Copy each line below in which the string "Hotel" occurs.

→ DATA FOR THIS TASK
-----

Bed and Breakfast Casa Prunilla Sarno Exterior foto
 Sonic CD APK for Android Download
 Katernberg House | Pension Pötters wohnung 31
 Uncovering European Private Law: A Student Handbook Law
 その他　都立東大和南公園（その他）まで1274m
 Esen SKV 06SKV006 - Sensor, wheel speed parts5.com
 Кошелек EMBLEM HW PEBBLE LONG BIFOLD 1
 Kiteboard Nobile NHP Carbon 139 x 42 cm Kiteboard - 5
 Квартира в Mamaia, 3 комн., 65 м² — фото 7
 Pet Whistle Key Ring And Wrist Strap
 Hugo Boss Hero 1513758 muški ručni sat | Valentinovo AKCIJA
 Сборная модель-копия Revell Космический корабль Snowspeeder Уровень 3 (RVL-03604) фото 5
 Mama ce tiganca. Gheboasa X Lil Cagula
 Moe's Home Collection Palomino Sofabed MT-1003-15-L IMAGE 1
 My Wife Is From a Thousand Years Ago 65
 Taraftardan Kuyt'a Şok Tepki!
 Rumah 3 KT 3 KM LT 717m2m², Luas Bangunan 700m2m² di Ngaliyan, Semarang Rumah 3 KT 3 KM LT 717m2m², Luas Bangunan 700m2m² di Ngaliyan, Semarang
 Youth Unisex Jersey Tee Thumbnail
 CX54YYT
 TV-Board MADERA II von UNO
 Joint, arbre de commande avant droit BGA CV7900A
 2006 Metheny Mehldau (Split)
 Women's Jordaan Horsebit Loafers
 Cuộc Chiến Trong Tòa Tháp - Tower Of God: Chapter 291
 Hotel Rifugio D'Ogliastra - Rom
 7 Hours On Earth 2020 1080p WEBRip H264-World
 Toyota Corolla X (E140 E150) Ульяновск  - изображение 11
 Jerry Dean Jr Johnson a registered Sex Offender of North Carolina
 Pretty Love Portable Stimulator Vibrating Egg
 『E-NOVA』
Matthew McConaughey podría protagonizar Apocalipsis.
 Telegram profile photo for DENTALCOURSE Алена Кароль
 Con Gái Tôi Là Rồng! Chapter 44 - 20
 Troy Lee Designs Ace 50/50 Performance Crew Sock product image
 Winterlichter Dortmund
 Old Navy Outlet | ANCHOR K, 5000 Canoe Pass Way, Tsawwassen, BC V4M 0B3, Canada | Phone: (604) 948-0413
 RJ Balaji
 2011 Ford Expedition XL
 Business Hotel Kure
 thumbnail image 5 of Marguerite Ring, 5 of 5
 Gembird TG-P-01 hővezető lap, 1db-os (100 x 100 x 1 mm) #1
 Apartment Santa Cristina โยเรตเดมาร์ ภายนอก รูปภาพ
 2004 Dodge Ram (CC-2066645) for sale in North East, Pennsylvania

-----

→ EXERCISE OUTPUT
 Hotel Rifugio D'Ogliastra - Rom
 Business Hotel Kure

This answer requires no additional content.